Theorem: Let a finite state space $S$, a set of actions $A=\{a_1,..., a_k\}$, transition probability matrices ${\pmb{P_a}}$, and a discount factor $\gamma \in (0, 1)$ be given. Then the policy $\pi$ given by $\pi(s) \equiv a_1$ is optimal iff, for all $a = a_2, ... , a_k$, the reward $\pmb{R}$ satisfies $$(\pmb{P}_{a_1}-\pmb{P}_a)(\pmb{I}-\gamma\pmb{P}_{a_1})^{-1}\pmb{R}\succcurlyeq 0 \quad\quad ...(4)$$ Proof:
Equation (1) can be rewritten as
$\pmb{V}^\pi=\pmb{R}+\gamma\pmb{P}_{a_1}\pmb{V}^\pi$
$\therefore\pmb{V}^\pi=(\pmb{I}-\gamma\pmb{P}_{a_1})^{-1}\pmb{R}\quad\quad ...(5)$
Putting equation $(2)$ into $(3)$, we see that $\pi$ is optimal iff
$\pi(s)\in \text{arg}\max_{a\in A}\sum_{s'}P_{sa}(s')V^\pi(s') \quad...\forall s\in S$
$\iff \sum_{s'}P_{sa_1}(s')V^\pi(s')\geq\sum_{s'}P_{sa}(s')V^\pi(s')\quad\quad\quad\forall s\in S,a\in A$ $\iff \pmb{P}_{a_1}\pmb{V}^\pi\succcurlyeq\pmb{P}_{a}\pmb{V}^\pi\quad\quad\quad\forall a\in A\text{\\} a_1 \quad\quad ...(6)$ $\iff\pmb{P}_{a_1} (\pmb{I}-\gamma\pmb{P}_{a_1})^{-1}\pmb{R}\succcurlyeq\pmb{P}_{a} (\pmb{I}-\gamma\pmb{P}_{a_1})^{-1}\pmb{R} \quad\quad \text{...from (5)}$
Hence proved.

Remark: Using a very similar argument, it is easy to show (essentially by replacing all inequalities in the proof above with strict inequalities) that the condition $(\pmb{P}_{a_1}-\pmb{P}_a)(\pmb{I}-\gamma\pmb{P}_{a_1})^{-1}\pmb{R}\succ 0 $ is necessary and sufficient for $\pi\equiv a_1$ to be the unique optimal policy.

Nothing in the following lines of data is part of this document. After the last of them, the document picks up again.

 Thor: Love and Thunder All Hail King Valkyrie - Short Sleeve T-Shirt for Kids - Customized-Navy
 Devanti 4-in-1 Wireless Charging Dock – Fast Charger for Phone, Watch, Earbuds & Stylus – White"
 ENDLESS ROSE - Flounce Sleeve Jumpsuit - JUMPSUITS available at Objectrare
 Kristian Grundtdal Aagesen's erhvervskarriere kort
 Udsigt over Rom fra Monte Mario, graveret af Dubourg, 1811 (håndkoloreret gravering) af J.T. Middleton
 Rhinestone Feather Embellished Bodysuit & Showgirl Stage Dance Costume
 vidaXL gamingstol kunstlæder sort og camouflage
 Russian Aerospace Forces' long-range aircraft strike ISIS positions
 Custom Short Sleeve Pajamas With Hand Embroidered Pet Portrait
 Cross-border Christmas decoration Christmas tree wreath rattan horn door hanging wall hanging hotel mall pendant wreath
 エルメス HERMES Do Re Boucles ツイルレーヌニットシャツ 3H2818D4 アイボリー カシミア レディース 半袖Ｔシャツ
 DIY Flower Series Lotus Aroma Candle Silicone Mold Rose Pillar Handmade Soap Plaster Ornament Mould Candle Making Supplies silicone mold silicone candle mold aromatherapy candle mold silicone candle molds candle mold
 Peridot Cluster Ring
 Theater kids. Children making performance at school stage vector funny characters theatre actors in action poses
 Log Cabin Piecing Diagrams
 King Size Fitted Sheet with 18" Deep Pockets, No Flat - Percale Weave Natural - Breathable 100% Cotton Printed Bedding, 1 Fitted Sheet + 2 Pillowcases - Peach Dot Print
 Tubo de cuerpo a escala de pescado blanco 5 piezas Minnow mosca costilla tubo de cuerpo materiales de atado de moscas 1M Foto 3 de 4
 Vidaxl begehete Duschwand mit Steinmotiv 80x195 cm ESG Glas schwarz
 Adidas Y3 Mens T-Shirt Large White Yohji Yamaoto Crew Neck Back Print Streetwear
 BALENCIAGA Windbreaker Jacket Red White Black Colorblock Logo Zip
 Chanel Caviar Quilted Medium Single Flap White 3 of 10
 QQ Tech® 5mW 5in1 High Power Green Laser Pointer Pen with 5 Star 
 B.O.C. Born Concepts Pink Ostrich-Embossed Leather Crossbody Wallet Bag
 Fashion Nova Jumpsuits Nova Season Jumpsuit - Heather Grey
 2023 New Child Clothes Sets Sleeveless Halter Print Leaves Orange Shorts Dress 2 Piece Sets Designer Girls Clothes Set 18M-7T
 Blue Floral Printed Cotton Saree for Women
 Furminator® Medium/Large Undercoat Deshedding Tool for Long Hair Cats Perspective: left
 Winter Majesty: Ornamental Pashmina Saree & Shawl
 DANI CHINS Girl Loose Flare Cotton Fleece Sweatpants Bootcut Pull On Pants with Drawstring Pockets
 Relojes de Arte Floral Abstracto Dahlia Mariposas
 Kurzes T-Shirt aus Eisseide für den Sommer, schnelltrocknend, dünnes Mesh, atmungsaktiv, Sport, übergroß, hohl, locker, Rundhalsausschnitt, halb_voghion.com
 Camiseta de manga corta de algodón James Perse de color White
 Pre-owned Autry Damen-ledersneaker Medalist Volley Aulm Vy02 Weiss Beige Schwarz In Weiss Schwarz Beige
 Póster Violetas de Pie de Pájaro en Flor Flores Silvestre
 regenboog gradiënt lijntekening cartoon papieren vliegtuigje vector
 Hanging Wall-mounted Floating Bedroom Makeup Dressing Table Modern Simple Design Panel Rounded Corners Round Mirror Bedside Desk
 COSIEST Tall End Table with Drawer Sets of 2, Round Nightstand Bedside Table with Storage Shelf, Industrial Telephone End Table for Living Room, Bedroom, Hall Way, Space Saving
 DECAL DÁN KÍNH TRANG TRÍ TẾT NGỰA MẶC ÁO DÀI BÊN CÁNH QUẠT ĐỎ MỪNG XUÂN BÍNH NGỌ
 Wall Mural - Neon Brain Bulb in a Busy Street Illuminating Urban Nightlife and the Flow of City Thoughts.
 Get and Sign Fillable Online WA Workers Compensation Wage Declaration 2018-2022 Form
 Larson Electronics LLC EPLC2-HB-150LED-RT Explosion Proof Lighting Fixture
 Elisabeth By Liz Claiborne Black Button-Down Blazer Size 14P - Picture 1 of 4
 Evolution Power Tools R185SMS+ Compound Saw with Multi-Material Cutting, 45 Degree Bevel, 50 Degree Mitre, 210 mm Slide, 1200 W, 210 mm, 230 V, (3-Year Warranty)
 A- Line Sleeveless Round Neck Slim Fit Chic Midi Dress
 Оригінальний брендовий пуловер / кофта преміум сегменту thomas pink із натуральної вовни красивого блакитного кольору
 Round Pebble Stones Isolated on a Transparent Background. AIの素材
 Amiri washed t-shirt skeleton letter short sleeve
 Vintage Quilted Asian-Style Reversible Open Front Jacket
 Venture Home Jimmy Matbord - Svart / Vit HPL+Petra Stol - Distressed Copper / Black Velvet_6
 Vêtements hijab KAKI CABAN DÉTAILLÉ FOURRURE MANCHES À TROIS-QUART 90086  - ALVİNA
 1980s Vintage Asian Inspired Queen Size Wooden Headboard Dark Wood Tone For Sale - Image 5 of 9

I dont know if above text from paper is relevant for what I want to prove, still I stated above text as a background.

I want to prove following:

  1. If we take $R : S → \mathbb{R}$—there need not exist $R$ such that $π^*$ is the unique optimal policy for $(S, A, T, R, γ)$
  2. If we take $R : S × A → \mathbb{R}$. Show that there must exist $R$ such that $π^*$ is the unique optimal policy for $(S, A, T, R, γ)$.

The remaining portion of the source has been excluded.